Important: The original test.py was slightly modified to send a JSON body for the POST requests. See the change below. This is done to comply with the specification in the description PDF. Please use the test.py script included in the project.

# req = urllib2.Request(url, urllib.urlencode(data))
req = urllib2.Request(url, json.dumps(data), {'Content-Type': 'application/json'})

There is an additional API endpoint not present in the specification to reinitialize the database: POST /truncate_tables. The body of the request must contain a security flag set to true:

{"truncate": true}

A Jmeter JMX test plan is included along the source code. It can be used to easily test the performance of the API. Below are some request times in milliseconds. Network latencies are included (server in central Europe).

Endpoint Concurrent Users Total Calls Mean Median 90% Line 95% Line
add_channel 50 50000 94 89 121 134
add_performer 50 50000 92 88 126 221
add_song 50 50000 105 104 133 143
add_play 50 50000 181 187 243 263

Querying a dataset of 10 channels, 30 songs and 1M plays spanning from 2015-01 to 2016-12 yielded the following results:

Endpoint Concurrent Users Total Calls Mean Median 90% Line 95% Line
get_channel_plays 10 10000 91 88 109 121
get_song_plays 10 10000 88 85 115 125
get_top 10 10000 765 743 1250 1454

Request times for the get_channel_plays and get_song_plays are strongly dependent on the start-end parameters. The broader the time range, the longer the response body which in turn results in higher network latencies. High get_top time is due to the complexity of the query.

Design Choices

No admin site or forms are needed for this pilot, so the lightweight Flask framework was chosen to implement the API. Unlike other specialized frameworks such as Django REST Frmaework, Flask comes with no serializers. Marshmallow handles object serialization/deserialization and validation.

As for the database, both a relational (MySQL) and a NoSQL database (Cassandra) were considered, finally opting for the latter.

Though not a technical argument, the main reason why I chose Cassandra over MySQL is that I had never used Cassandra before. It would have been probably faster to implement this prototype using MySQL, but since I am applying for a position where testing new technologies and algorithms is expected, I took this pilot as an opportunity to get started with a new tool.

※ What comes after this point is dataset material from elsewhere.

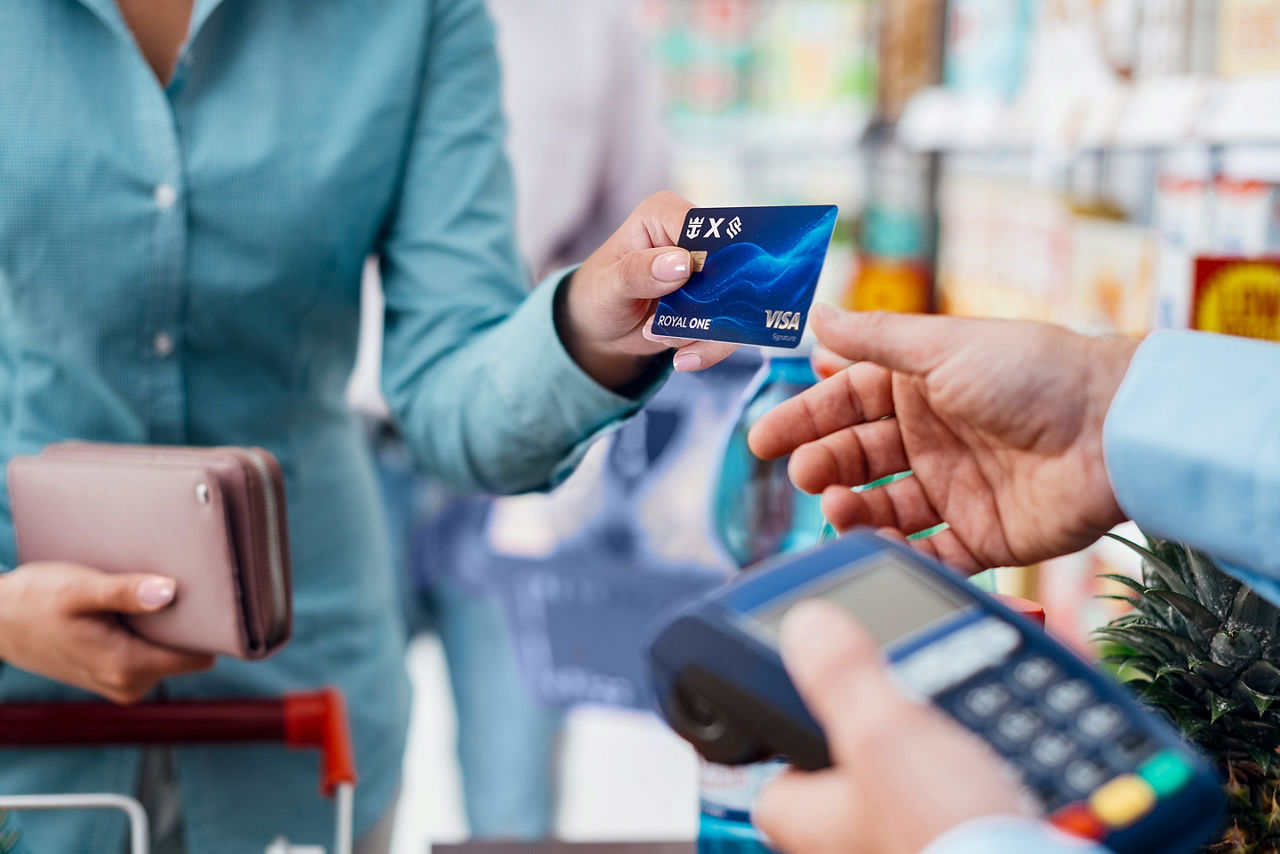 Customer paying using Royal ONE card for groceries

There are other valid points to back up this decision:

  • Cassandra
    • Pros:
      • Fast writes: Writes will be far more common than reads in our application (many channels steadily publishing plays).
      • Distributed and fault tolerant: nodes can fail without compromising uptime. P2P communication between nodes.
      • Scalability: reportedly, linear scalability.
      • Good for time series: rows can have millions of columns.
    • Cons:
      • Complex Data Modelling: schema has to be carefully thought-out. Almost one table per query type. Changes in the data model are often needed fro new requirements.
  • MySQL
    • Pros:
      • Complex and flexible queries.
      • Widely used.
      • All developers are familiar with SQL.
    • Cons:
      • Does not scale as well as other alternatives.
      • Master-Slave replication.

Cassandra Query Language (CQL) is great but can be too limiting for situations like the get_top feature. After reading about algorithms for top-k queries, I have implemented one of the ones described in this paper: Best Position Algorithms for Top-k Queries.

Move to Production

Some of the things that should be taken into account before moving the pilot to a production environment:

  • Validation: some basic validation of the input is already performed, but more checks should be done.
  • It is probably a bad idea to use artists and songs name as identifiers.
  • Pagination for the get_song_plays and get_channel_plays endpoints to limiting response body size.
  • Testing: unit tests, integration tests, performance tests.
  • Add time information to the some tables' partition key. Right now a single partition (song/channel) can grow infinitely, making it more difficult to distribute data evenly across the cluster.
  • Logging and Monitoring
  • Replication: add more nodes to the Cassandra cluster and set replication strategy.

Notes on Scalability

There are two basic ways of scaling the application:

  • Add more application servers behind a load balancer
  • Add more nodes to the Cassandra cluster

Assuming that each channel inserts a new play every three minutes (average song time), we get:

2000 channels * (24h * 60m / 3m) ~ 1M plays/day

1M plays / (24h * 60m * 60s) ~ 12 calls/second

Data ingestion should not be a problem with our current setup. Querying for plays by channel or song, should also scale well.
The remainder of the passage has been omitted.